DESIGUALDADE COM ESPANHÓIS

Uma das queixas permanentes dos pescadores de Caminha é a desigualdade a que estão sujeitos, em termos de legislação, em relação aos colegas espanhóis.

E uma das diferenças mais significativas prende-se com o facto de, no mesmo espaço, que é o troço internacional do rio Minho, os espanhóis poderem pescar uma pessoa em cada barco e os portugueses terem de andar dois por embarcação.

“Isto é uma enorme injustiça, porque assim eles conseguem ganhar o dobro”, diz Paulo Silva, lamentando o “desinteresse total das nossas autoridades em relação a esta matéria”. E não se pode facilitar, porque a Polícia Marítima actua com frequência e obriga ao cumprimento da lei.

PEIXE BARATO E DE QUALIDADE

O mercado do peixe de Caminha é o local de escoamento de boa parte do fruto do trabalho dos pescadores da vila. Alguns até são casados com vendedoras de peixe. Duartina Castro leva mais de 20 anos atrás da banca e diz que “o peixe do nosso rio e do nosso mar tem uma qualidade excepcional e continua bastante barato”.

Dizem as ‘peixeiras’ que o peixe é talvez o único produto que não conhece aumentos há mais de uma década, assegurando que quando a pescaria é boa, dada a quantidade, o preço até acaba por descer. “Vai dando para viver, mas não é nada fácil”, conclui Duartina Castro.

REGISTOS

LINGUADO MAIS CARO

Das mais de vinte espécies que se pescam no rio Minho e no mar ao largo de Caminha, a mais cara de todas é o linguado, que chega a custar mais de 20 euros o quilo.

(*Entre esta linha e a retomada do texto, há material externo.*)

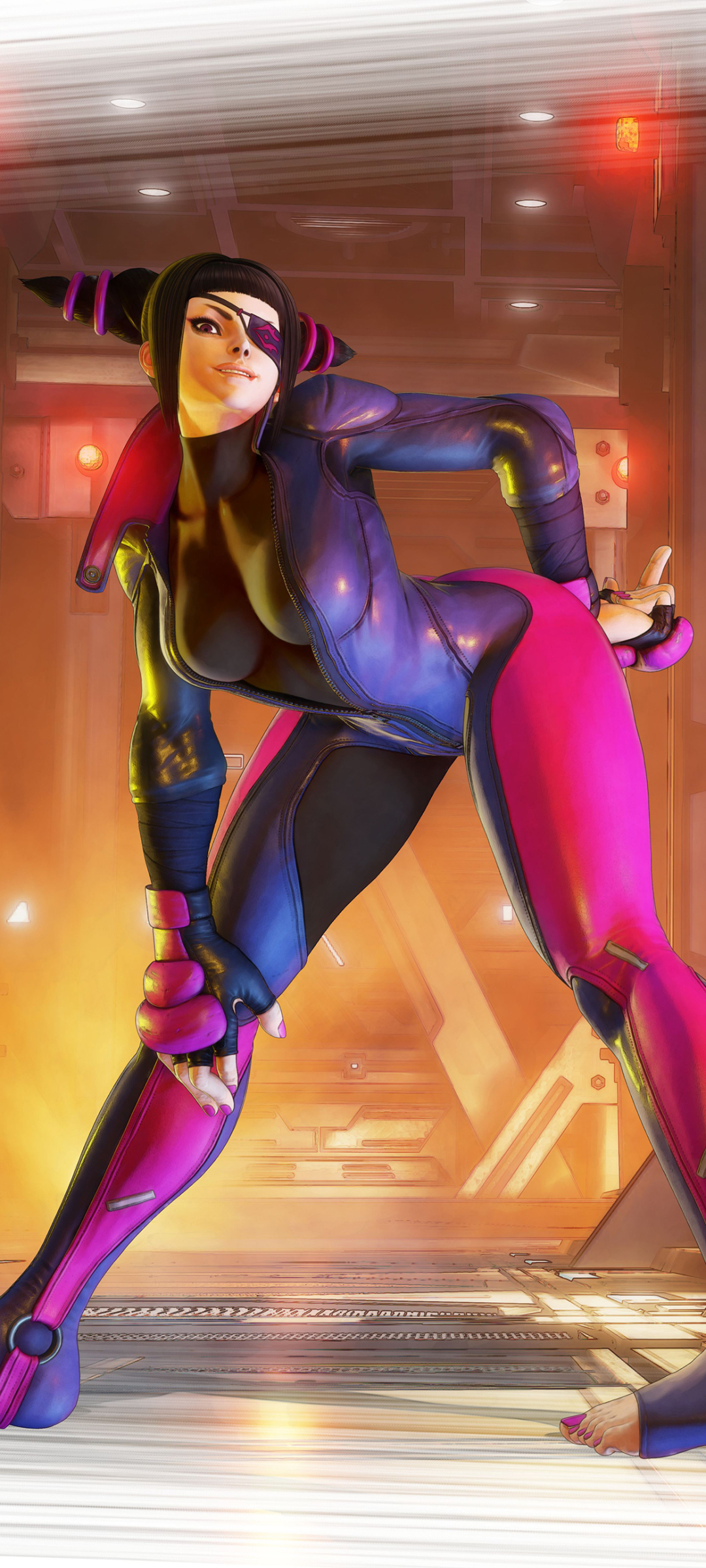 1080x2400 Juri (Street Fighter) wallpaper, Phone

Um dos mais baratos é polvo, que raramente chega aos seis euros. Ao consumidor chegam muito mais caros.

LAMPREIA É ABONO

Às vezes chegam a vendê-la a 7,5 euros a unidade, quando nos restaurantes custa sempre mais de 50. No entanto, a lampreia é, por assim dizer, o abono de família dos pescadores desta região. Alguns chegam a pescar mais de 400. É também um ‘ex-líbris’.

MEIXÃO PROIBIDO

É proibido, mas altamente tentador. Esta enguia minúscula a que chamam meixão chega a render ao pescador a astronómica quantia de 450 euros o quilo. É por isso que esse é o principal alvo das acções de prevenção das autoridades policiais, que defendem a espécie.

UM RIO, DOIS PAÍSES

O rio Minho é o que conta com o maior troço internacional dos rios portugueses. São 74 quilómetros entre a ponta norte de Melgaço e a foz em Caminha. Mas passa ainda pelos concelhos de Monção, Valença e Cerveira. Dá de comer a muita gente.